Directed by Yorgos Lanthimos | Written by Lanthimos and Efthymis Filippou | 118 min | ▲▲▲△△
Imagine a world where single people must check in to a resort hotel and submit to a host of rules—no masturbation, but sexual touching with maids is required. If these singles don’t fall in love with another person within 45 days, they are transformed into an animal of their choice. But falling in love is dependent on a “defining characteristic.” Singles must be matched by physical issues, for instance if they each have frequent nosebleeds or a limp.
And that’s just the beginning. A host of other rules keep the hotel guests busy, including hunting the Loners, outlaws who live in the woods, wear ponchos, and insist on their own draconian order.

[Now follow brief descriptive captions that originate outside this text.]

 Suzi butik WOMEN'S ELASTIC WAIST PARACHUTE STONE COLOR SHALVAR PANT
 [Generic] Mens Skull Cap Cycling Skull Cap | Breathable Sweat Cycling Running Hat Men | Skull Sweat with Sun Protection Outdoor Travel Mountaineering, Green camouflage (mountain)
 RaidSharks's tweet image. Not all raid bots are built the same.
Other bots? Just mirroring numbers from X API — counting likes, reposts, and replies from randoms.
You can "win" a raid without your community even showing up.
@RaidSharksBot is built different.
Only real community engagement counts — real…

Lanthimos’ twisted satire of societal expectations around single and coupledom is startlingly funny in places, especially in the opening act. It reminds me a little of Woody Allen’s Sleeper, except there isn’t anyone who woke up in this world to comment on it from the audience’s perspective. Not even Rachel Weisz, who narrates a large chunk of the film—she winds up being a key character later on.

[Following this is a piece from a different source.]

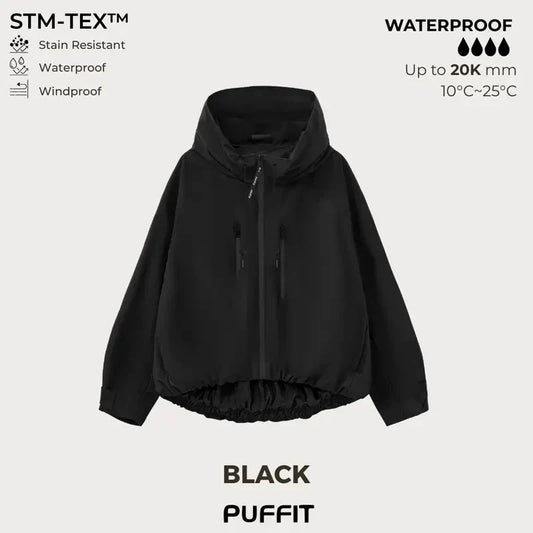 🧥Huva med bred brätte💧Kort, överdimensionerad regnjacka med bubbelnedkant och justerbara manschetter
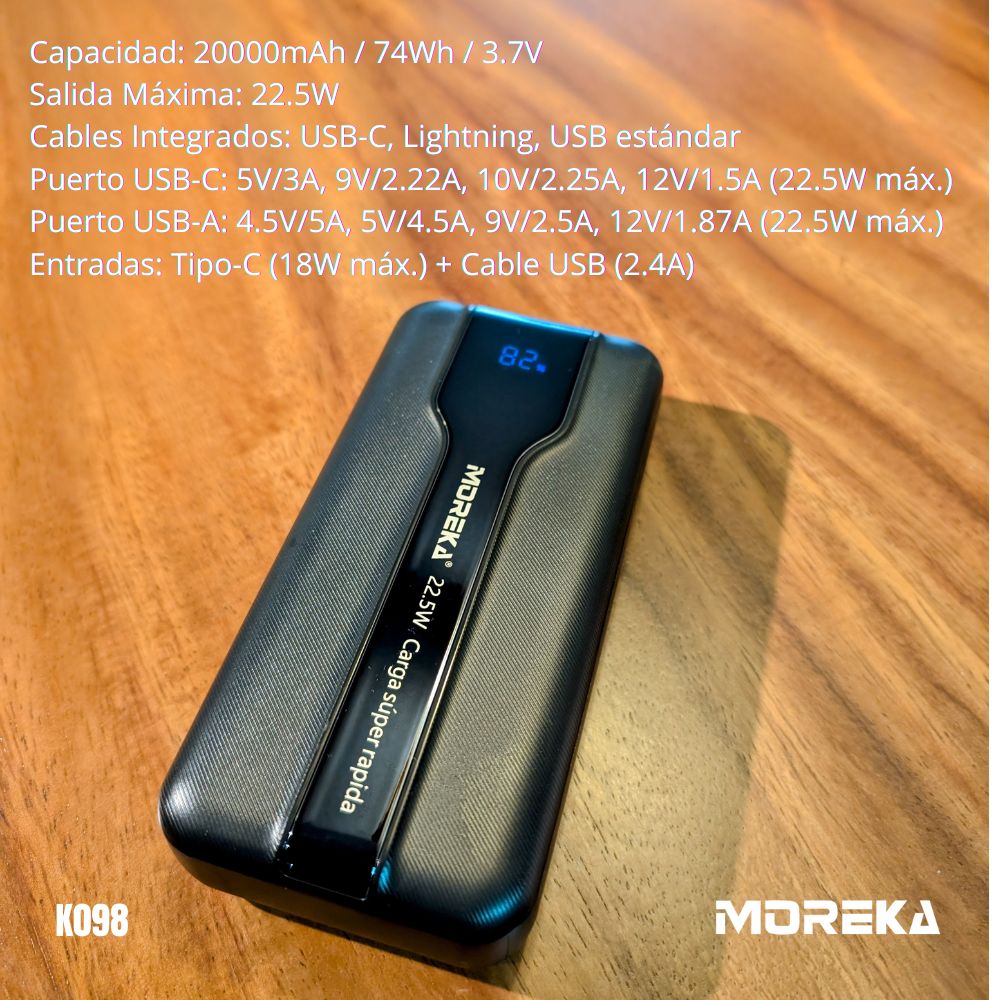 Power Bank Moreka K098 20000mAh 22.5W Cables C Lightning V8 - Imagen 7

The world imagined in The Lobster is so peculiar that more than once I was quietly amazed that the film even exists, and not shot on a shoestring with an anonymous cast: Colin Farrell, Olivia Colman, Ben Whishaw, John C. Reilly, Lea Seydoux, and Michael Smiley all have prominent roles here, and the Ireland-shot exteriors have a lush, glossy look. It’s all so weird, discovering where it goes keeps the interest.

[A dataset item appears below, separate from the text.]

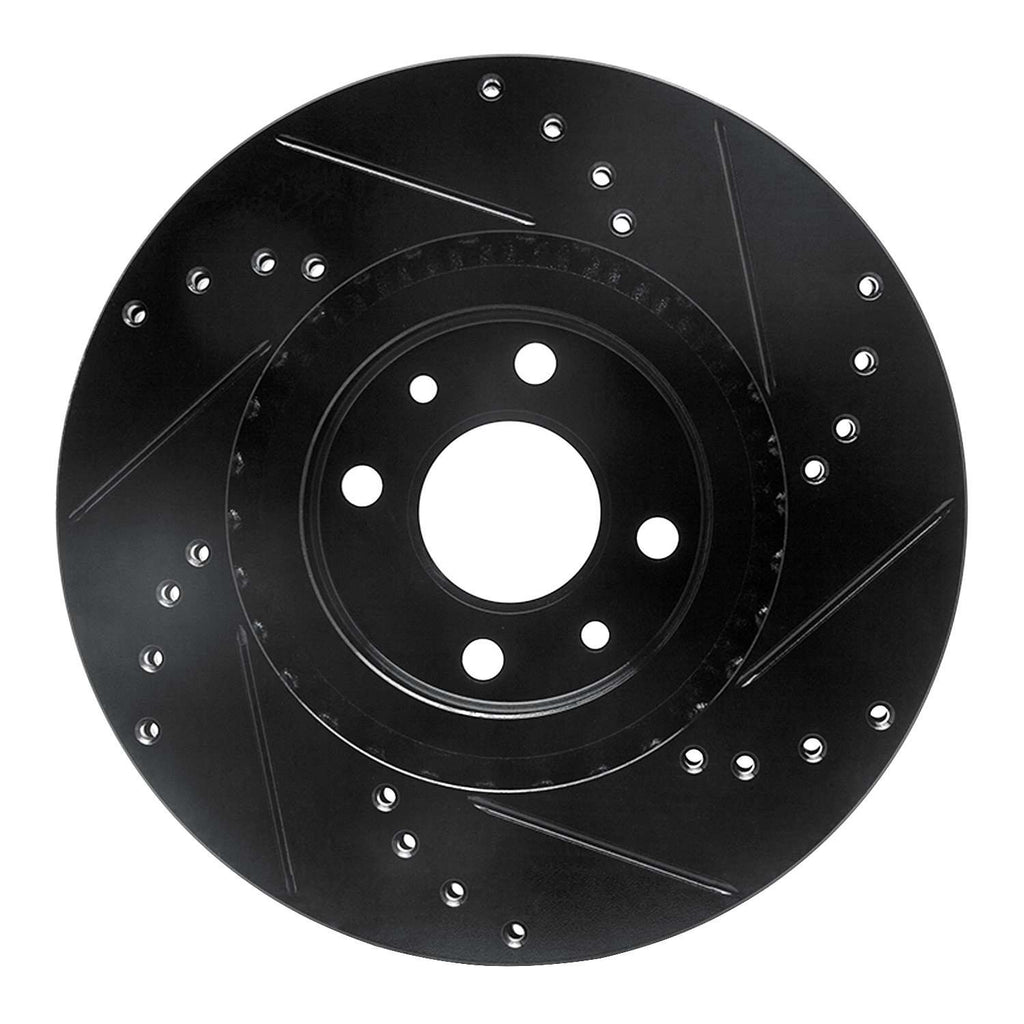R1 Concepts 2012-2019 Fiat 500E Front Left Drilled & Slotted Black ...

But the flat, childlike simplicity of the characters—so effective at getting to the core of our need to couple up and avoid loneliness—makes for very little opportunity for growth or simple audience empathy. When The Lobster presses on past a comfortable 90 minutes, it drifts. The film, taking a sincere turn into romance, delivers a darkly ambiguous conclusion without much emotional impact.